How subprime crunched credit

It barely made the headlines. The first signs of a subprime crisis showed themselves in February. HSBC kicked the game off, when it announced it had to dramatically increase its provisions for bad debts in its US market. Then, still in that month, New Century Financial, which specialises in subprime loans, said it was being forced to re-state 2006 results, to take into account defaults on loans. Then there were the failures of two funds at Bear Stearns.

It went quiet. We held our breath and waited. The markets tumbled in February, but then rose back up again. Alan Greenspan warned of a possible US recession, but his words were soon forgotten. In the UK, markets soared; in the US new all-time highs were set on the Dow with such regularity we lost count.

We were puzzled. Recently, we likened the markets to a Lewis Carroll creation because it sometimes feels as if the smile on Uncle Sam’s face is all there is. Like the Cheshire Cat, which “vanished quite slowly, beginning with the tail, and ending with the grin, which remained some time after the rest of it had gone.”

So when the big August crisis occurred, and markets tumbled, there were really only two surprises. The first was that anyone was surprised, and the second, because of the events in question: not so much over what things had happened, but rather the way things happened.

All of a sudden, Collaterised Debt Obligations, or CDOs, became a name that was in common usage. Comedians joked about the money markets. Rory Bremmner recently sang, “the bank loan is connected to the subprime loan, the subprime loan is connected to the interbank loan.”

And yet the markets didn’t do so bad. This morning the Dow Jones stood at 13,245, 700 points up on the start-of-year position, and 900 points down from the year-high. Markets in Germany soared, and of course in China, shares soared like nothing we have seen since the bubbles of yesteryear: the South Sea and Tulip bubbles, for example. But in London, things were not so good. Right now , the FTSE 100 is just 120 points above the start-of-year score.
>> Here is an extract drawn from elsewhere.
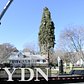 78-foot New York tree cut down for Rockefeller Center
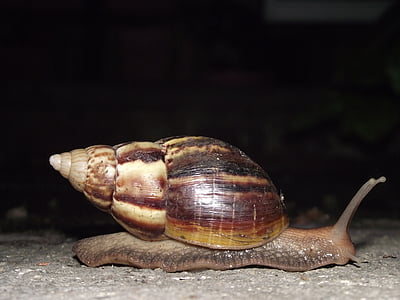 csiga, Hoi, Thaiföld, éjszakai hoiklang, egy állat, állati shell, állati témák, gastropod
Now it is all about whether central banks can save the day. Can they flood enough liquidity into the pot to make it all well again, or is the problem deeper than that? Total write-downs from the banks this year now come in at $70 billion. That sounds awful, but remember the IMF predicted total losses of $300 billion; even then, they reckoned the global economy would expand by 4.8 per cent next year. The key might lie with the extent to which bank losses mount. Yes they will rise, but will they rise above the level predicted by the IMF?